Winters In Brazil Link Jun 2026
In the mountainous regions of the South, particularly in the European-colonized towns like Gramado and Canela, winter is high tourism season. The air smells of burning wood from fireplaces. Restaurants serve hearty fondue sequences (cheese, meat, and chocolate) and gallons of quentão —a hot, spiced wine drink that is the Brazilian answer to mulled wine.
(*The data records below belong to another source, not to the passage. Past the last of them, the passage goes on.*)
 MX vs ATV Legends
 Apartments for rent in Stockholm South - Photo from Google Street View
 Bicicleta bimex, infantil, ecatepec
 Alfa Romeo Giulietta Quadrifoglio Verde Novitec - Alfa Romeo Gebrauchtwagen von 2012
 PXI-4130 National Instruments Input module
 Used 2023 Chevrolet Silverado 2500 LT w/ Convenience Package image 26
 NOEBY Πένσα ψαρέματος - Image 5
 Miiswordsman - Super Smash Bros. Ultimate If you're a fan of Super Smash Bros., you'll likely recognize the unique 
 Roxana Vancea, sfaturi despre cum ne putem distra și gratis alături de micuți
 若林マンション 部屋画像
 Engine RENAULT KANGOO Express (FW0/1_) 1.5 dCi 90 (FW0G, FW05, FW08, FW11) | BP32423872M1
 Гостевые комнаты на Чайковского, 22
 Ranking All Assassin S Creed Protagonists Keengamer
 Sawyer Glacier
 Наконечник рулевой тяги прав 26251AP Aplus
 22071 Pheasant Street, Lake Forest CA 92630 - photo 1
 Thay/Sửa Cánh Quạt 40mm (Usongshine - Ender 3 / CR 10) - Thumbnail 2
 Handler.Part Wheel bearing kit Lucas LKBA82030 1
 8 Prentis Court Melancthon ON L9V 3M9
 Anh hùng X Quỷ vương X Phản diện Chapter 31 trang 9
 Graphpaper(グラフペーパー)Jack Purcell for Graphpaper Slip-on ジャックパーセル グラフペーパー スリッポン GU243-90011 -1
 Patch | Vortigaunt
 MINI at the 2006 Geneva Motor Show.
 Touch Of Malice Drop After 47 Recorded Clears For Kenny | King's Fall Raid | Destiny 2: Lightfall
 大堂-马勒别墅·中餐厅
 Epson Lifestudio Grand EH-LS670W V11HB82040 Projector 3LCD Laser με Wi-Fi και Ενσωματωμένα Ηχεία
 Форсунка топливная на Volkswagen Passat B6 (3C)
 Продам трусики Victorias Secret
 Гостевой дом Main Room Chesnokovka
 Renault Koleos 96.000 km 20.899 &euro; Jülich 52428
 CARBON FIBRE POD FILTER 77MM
However, winter also brings danger. The dryness in the Amazon and the Center-West creates the perfect conditions for wildfires. In recent years, the intersection of drought and climate change has led to alarming spikes in forest fires during the winter months, casting a pall of smoke over cities thousands of miles away. winters in brazil
In the Northern region, encompassing the Amazon Rainforest, the concept of "winter" as a cold season does not exist. Instead, the season is defined by hydrology. The Amazonian winter (June to September) is actually the dry season. While temperatures remain high, often hovering around 30°C (86°F), the humidity drops slightly, and the relentless daily downpours cease. This is the season when the waters recede, revealing white-sand beaches along the Rio Negro and making river travel easier. It is a time of "verão amazônico" (Amazonian summer, so named for the clear skies), a counterintuitive nomenclature that confuses outsiders but makes perfect sense to locals who judge seasons by rainfall rather than temperature. In the mountainous regions of the South, particularly
This is the story of winter in Brazil: its extremes, its traditions, its hidden cold. However, winter also brings danger
Winter is a critical cog in Brazil's economic machine. Brazil is an agricultural superpower, and the winter months are pivotal.